Death is only a word when you are his age; and much as Tom had seen, he had never seen good men die in a dusty street over a trifle. He had fought in Indian battles, but he had never actually seen a gun battle involving someone he knew and liked.

John Blake was a good man doing a necessary job, and I did not want to kill John Blake. Neither did I want to risk being killed over something like this.

"All right," he said impatiently, "you've told me."

"Don't go, Tom. Don't even think of going."

"You think I'm scared?"

There it was again. At his age it meant so much to prove one wasn't scared. I knew how he felt, because it had not been too long since I had known the same thoughts. And to some extent, I still did. "It isn't only you, Tom. It's the outfit."

"Hell, Conn, we could take this town apart. The Tumbling B could rope and hog-tie this town."

"Tom, you see that man with the beard, the one sweeping off the walk? That's George Darrough. In two years of buffalo hunting he killed over two thousand buffalo. During that time he had seven Indian fights, and before that he fought through the war. The man who is just now walking up to him is one of the finest rifle shots in the West. It's men like them you'd have to fight."

Tom Lundy had nothing to say to that, but his jaw set stubbornly, and I knew what he was thinking. He was proud of our outfit, and we had just brought a herd through rough country, fighting Indians all the way, and shorthanded the last part of it. He did not like to admit that anything was impossible for the Tumbling B.

Also, he feared Linda McDonald would believe him a loud-mouth if he failed to call. He had no way of judging the buried animosities that lay hidden between the trail crew and the people of the town.

"I don't want to start a fight, Conn," he said. "When have I ever? All I want to do is go see a girl. What's so wrong about that?"

"Nothing ... nothing at all, except that nobody wants a cattleman north of the street. It's John Blake's job to see that none of them do - no exceptions." The disgust on his face was obvious, and I didn't much blame him. But neither did I see any reason to get a few men killed over such a thing.

Finally he said, "Is it all right if I ride with you when you go back? I'd better see her and tell her I'm not coming."

Well, what could I say? I agreed, figuring he would use good judgment, but I was worried as much about some of the others as I was about him. Delgado was in town and he was not hot-headed, but Rule Carson was, and a wrong word could precipitate a gun battle. The whole outfit felt insulted in the person of Tom Lundy, and, in a way, I didn't blame them. But it was up to me, as well as John Blake, to keep the peace.
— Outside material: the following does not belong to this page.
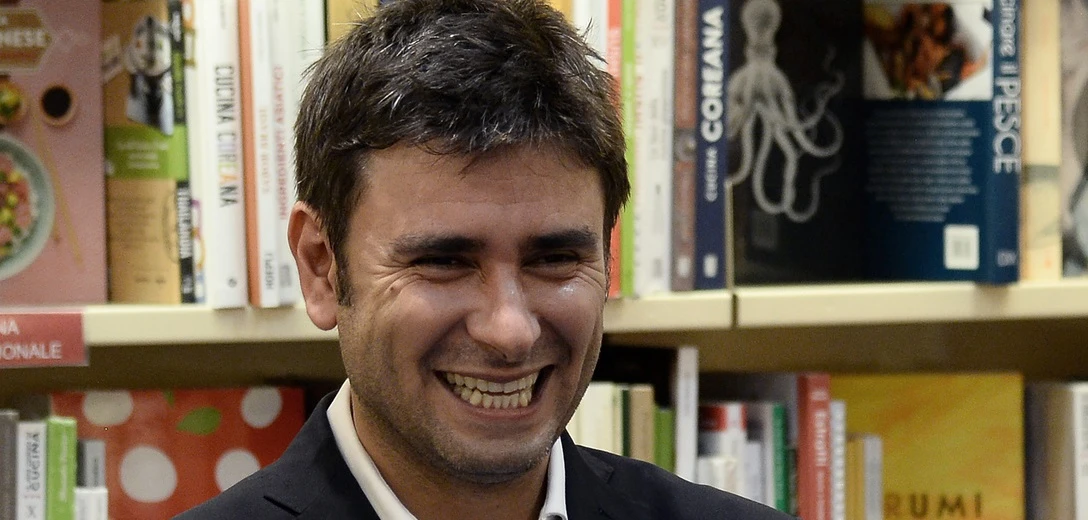 Alessandro Di Battista, il retroscena: cancellare questo M5s, il suo piano per la leadership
Kate was waiting for me at the hotel when I got in town. She had closed the deal with Hardeman, and all that remained was to go to the bank and pick up the money.

Hardeman looked at me. "Conn, one thing I must warn you about. I've heard the talk around town - everybody has - and the man who will pay over the money will be Aaron McDonald."

"So?"

"He's a narrow, disagreeable man, but don't think he does not speak for the town. He does."

"We'll be talking business, that's all."

Hardeman glanced over at Tom. "Sorry, boy. If it was my daughter you'd be welcome, but I have no say here. I am a Kansas City man, just doing business here."